57.36: The Wikipedia Levenshtein entry can be improved a bit, to remove the 
random access requirement, if not already done :-) Often in practice you have 
to pay a certain performance price for genericity. So an interesting question 
is, with the current DMD compiler how much slower than an array-based 
Levenshtein function is the generic Phobos one when the input is for example a 
couple of ubyte arrays? If it's only about two or three times slower then it's 
probably good enough.

1.12.50: Your explanation of the difference between a compiler optimization and 
an properly defined language feature was nice :-)

1.14.57: I think you have missed to explain the @trusted too that joins the 
safe and unsafe worlds (in a precedent moment in the talk you have not talked 
about __gshared, but seems more acceptable).

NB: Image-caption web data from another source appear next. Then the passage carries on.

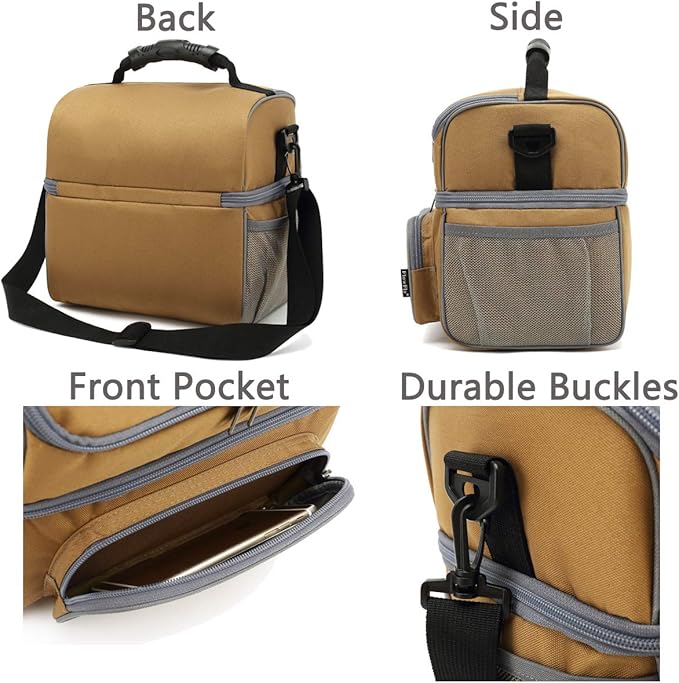 FlowFly Double Layer Cooler Insulated Lunch Bag Adult Lunch Box Large Tote Bag for Men, Women, With Adjustable Strap,Front Pocket and Dual Large Mesh Side Pockets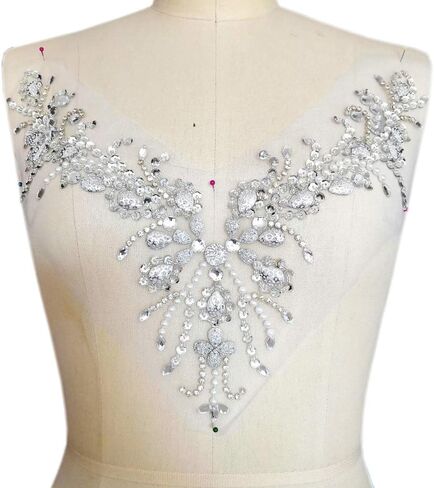 Sparkle Beaded V-Neck Blue AB Color Sew On Neckline Sequin Rhinestones Crystal Trim Bridal Applique Design Patch Sewing for Wedding Dresses DIY Craft 12x15 Inch (Light Blue) in Saudi Arabia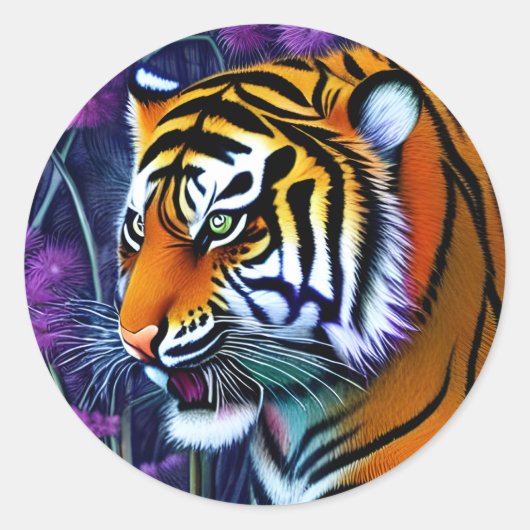 Abstracte Wilde Majestic Predator Tiger Ronde Sticker (Voorkant)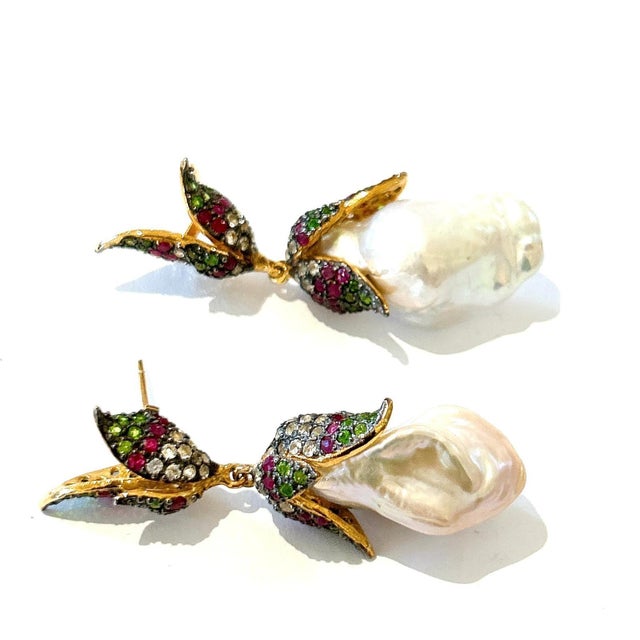 English Bochic "Orient" Vintage Ruby, Topaz & Multi Gem Earrings Set In 18K Gold & Silver For Sale - Image 3 of 18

1.16.04, the question about future success of D: This is not an easy question. 
Probably the Next Big Language will be JavaScript, that probably will be used 
in really many situations. Java will probably keep being used a lot in 
commercial settings, even if only as legacy language. A language that I think 
has a good chance to become widely used in numerical scientific computations is 
Chapel, that so far the D community seems to have ignored (I have seen only 
Bartosz Milewski write about it a bit), despite my repeated attempts to put it 
in evidence, because I think it contains several very good ideas that are 
essentially ignored in D. Regarding D2, a problem is of course that D is mostly 
a system language and the ecological niche for system languages is small and 
probably will keep being small. Today languages for the Web become way more 
widespread (and here I have see no enthusiasm in the idea of using D on the 
Google NaCl platform, to use it on the Web). A language as C#4 is!
  very good in both commercial applications (often database-centric, where LINQ 
helps a lot) and it can be used to write many desktop/generic applications too, 
thanks to its IDE, its wide standard library and the possibility to use other 
languages (like IronPython, F# etc) to create normal dlls that can be used as 
the C# ones (Mono too helps). Eventually a version of D2 for the CLI platform 
will partially solve this problem. Young programmers grow up used to program in 
JavaScript/Python/PHP and see as more and more alien some lower-level knowledge 
that is almost necessary to program _efficiently_ in D. D also gives you almost 
all you can find in the pure Java language, but my experience shows me that if 
you program in D as you program in Java your programs often come out too much 
slower than the Java ones (often just because of the D GC), so D is not a 
drop-in replacement for Java: in D you don't have a powerfully optimizing 
virtual machine under the language that catches an!
 d optimizes away a very large number of "efficiency bugs" of your Java code, 
you have to actually write good D code if you want efficient D programs.

In the time has taken me to see and comment the video the number of people that 
have seen it has gone from 3 to 322. This is a lot in a short time.